Travel journal + mosaics of my favorite Lisbon photos.
Plus I commandeered an email my sister sent out about our Portugese adventure.
Every morning we left our delightful Chiado apartment with a loosely woven plan of what might occur that day. The best thing about going on a vacation should be that you don’t have too many things to accomplish. We marveled that travelers were able to enjoy the city of Lisbon and surrounding areas in 3 days. It took us a full 10 days. We prefer the itinerary where you wake up when you want to, scout out the side streets for café’s for breakfast , hop on a mode of public transportation, and head in the general direction of something you’d like to see or do. Figuring out tram, bus, train, and metro systems is fun. They all eventually cross somewhere and something always leads back home. Experiencing the people of portugal when you are all packed tightly in a tram that often causes you to lose your balance gives you a unique perspective. Just ask my sister who happened to lose her balance and found her
hands on the seat in front of her – each hand between a different man’s legs.
Everything you have heard about the beaches in Portugal is true. The water is an inviting shade of blue/green and the sand is a fine grain and excellent for sitting upon – especially if you have a US Airways beach blanket. As for attire – anything and everything goes and truly no one gives a hoot about what you look like or what parts of your body you choose to leave unclothed.
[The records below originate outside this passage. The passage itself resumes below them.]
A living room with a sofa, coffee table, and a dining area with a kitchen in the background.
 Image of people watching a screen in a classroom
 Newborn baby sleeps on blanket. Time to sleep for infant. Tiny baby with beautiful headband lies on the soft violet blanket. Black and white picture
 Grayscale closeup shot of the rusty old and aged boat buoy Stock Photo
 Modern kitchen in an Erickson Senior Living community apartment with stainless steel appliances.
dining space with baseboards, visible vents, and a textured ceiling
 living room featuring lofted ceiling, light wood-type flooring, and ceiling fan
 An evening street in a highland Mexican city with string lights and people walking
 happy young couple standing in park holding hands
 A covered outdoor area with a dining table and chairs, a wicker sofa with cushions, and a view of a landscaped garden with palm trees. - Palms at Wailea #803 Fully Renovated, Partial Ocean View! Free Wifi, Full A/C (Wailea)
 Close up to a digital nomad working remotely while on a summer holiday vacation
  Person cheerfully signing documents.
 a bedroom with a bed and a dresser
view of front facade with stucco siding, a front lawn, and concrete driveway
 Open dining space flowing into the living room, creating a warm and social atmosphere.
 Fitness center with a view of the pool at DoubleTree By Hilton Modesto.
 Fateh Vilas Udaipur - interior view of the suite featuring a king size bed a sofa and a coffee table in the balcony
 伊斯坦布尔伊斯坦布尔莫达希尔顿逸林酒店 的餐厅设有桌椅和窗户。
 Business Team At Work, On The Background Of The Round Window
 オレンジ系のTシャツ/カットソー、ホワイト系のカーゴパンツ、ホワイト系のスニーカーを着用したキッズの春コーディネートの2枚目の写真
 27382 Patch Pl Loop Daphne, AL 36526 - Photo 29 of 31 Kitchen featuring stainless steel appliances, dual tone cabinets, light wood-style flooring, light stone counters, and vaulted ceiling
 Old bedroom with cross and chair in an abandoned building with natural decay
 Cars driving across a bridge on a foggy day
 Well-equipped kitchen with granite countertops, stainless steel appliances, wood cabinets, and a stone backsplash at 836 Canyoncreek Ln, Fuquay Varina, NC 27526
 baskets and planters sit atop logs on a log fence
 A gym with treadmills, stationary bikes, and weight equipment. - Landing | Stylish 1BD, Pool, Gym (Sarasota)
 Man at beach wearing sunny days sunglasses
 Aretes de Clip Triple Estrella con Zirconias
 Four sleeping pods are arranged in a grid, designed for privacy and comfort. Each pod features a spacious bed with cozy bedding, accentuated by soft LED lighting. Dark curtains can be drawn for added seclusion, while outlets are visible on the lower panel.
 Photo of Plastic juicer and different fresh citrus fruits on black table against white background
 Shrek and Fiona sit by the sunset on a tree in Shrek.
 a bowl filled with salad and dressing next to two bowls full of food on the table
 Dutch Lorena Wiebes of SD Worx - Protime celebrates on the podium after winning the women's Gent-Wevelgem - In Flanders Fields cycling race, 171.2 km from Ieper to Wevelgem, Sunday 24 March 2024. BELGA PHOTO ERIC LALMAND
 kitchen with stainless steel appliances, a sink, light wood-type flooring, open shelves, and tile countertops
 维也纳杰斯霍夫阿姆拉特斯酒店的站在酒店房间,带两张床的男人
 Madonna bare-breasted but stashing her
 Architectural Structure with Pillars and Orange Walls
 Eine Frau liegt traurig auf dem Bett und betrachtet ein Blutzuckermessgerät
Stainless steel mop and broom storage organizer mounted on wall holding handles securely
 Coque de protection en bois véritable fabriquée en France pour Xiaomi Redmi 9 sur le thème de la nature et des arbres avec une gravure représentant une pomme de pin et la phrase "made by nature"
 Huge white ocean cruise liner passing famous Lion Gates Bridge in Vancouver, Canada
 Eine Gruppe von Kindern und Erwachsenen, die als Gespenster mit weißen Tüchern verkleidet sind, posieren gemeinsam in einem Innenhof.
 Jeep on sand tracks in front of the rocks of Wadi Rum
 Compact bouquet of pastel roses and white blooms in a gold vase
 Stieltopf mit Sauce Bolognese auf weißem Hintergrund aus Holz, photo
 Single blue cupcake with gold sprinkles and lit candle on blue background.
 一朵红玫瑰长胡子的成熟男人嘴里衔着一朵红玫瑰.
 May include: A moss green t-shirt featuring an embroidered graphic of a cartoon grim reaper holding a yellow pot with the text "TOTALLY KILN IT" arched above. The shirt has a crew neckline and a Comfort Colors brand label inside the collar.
This area is known as boca del infierno (the mouth of hell). My sister was determined we should see it despite the fact that it involved a long hot trek which might have caused me to whine a bit. They have diving partners at the top and for the small sum of 50 US dollars they strap you to their body and you get to experience a thrill of a lifetime without breaking your neck or getting water up your nose. We both of course gave it a go and highly recommend it should you find yourself at the mouth of hell. My diving partner was the great, great, great, great, grandson of Vaso de Gama. I suggest you try and get him if you can.
We each brought a book with us that we ended up tearing into sections so we could easily store them in our purses. Reading a book on a bench in dappled sunlight in the middle of a park is something that we don’t ever do enough of at home.
The most delightful experience of the trip was probably the night we wandered up to the ruins of an old convent that were in a little neighborhood square on the hill behind our apartment. We could hear beautiful music and decided to be brave and wander into the ruins and see what was going on. It was the Lisbon metropolitan orchestra playing a concert in our honor. We were invited to sit on chairs on the grass in the middle of the ruins while the music surrounded us and the gulls flew overhead. Enchanting is really the only way to describe it. This is the memory I want to have imprinted on my brain when I can’t remember anything else. It will be enough.
And that concludes this travelogue. When you decide to go to Lisbon be sure and give me a call so I can hook you up with our crazy night time taxi driver, advise you on the best Fado restaurant in the city, instruct you in ordering from a Portuguese menu, give you tips on walking on slippery cobblestones so you don’t fall down in public, lessons in exiting quickly from a tram so you don’t get separated, and many other invaluable tid bits that are sure to make your stay memorable in many ways.